Max I think the factor for you is the e85. That will skew your actual power output vs Maf reading. In other words with e85 you can make more power with the same amount of air.

The reading is pretty damn close. When I ran a S4 maf I hit 305g/s peak. 
305/.8= 381.25 CRANK HP
now lets assume 15% drivetraing loss for my FWD GTI
381.25 CRANK HP*.15(drivetrain loss) = 57.19hp

381.25 CRANK HP-57.19hp = 324.06 whp

My dyno at the time was exactly that. 324whp. I'd say its pretty damn close.


----------



## checcoa3 (Sep 15, 2011)

what is e85?


----------



## Budsdubbin (Jul 14, 2008)

spartiati said:


> Max I think the factor for you is the e85. That will skew your actual power output vs Maf reading.

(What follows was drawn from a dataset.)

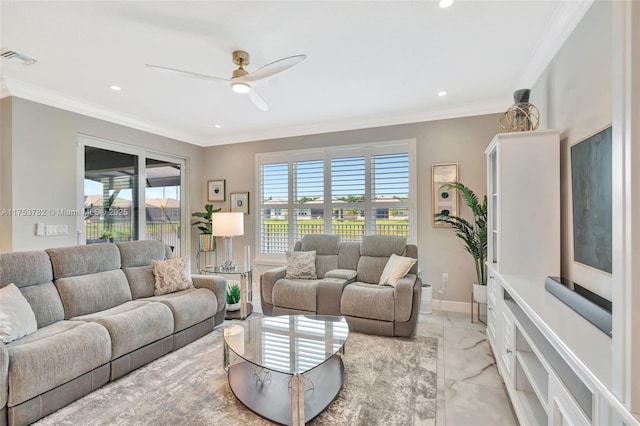 living room with marble finish floor, visible vents, and ornamental molding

In other words with e85 you can make more power with the same amount of air.
> 
> The reading is pretty damn close. When I ran a S4 maf I hit 305g/s peak.
> 305/.8= 381.25 BHP
> ...




I'm not sure if I understand how does 305.8 = 381.25 Bhp. I was under the impression that MAF readings correspond directly to crank hp.


----------



## spartiati (May 19, 2008)

sorry that was before my cup of coffee in the morning. Yes that's what I meant. Lol. I'm a zombie until I get my "fix" haha...

corrected now.


----------



## MidnightG60 (Aug 16, 2004)

Back from the dead but...

Just did my initial logging for my stage 1 Motoza Tune. Best maf reading was 154.41 gs which equals 193 crank HP. Not too shabby for the base tune and stock intake/cat/dp. :thumbup:

Only mods are panel K&N filter, reversed 710N, and newest revision N75. 

Excited to see what the next revision of the tune will put out on 91...


----------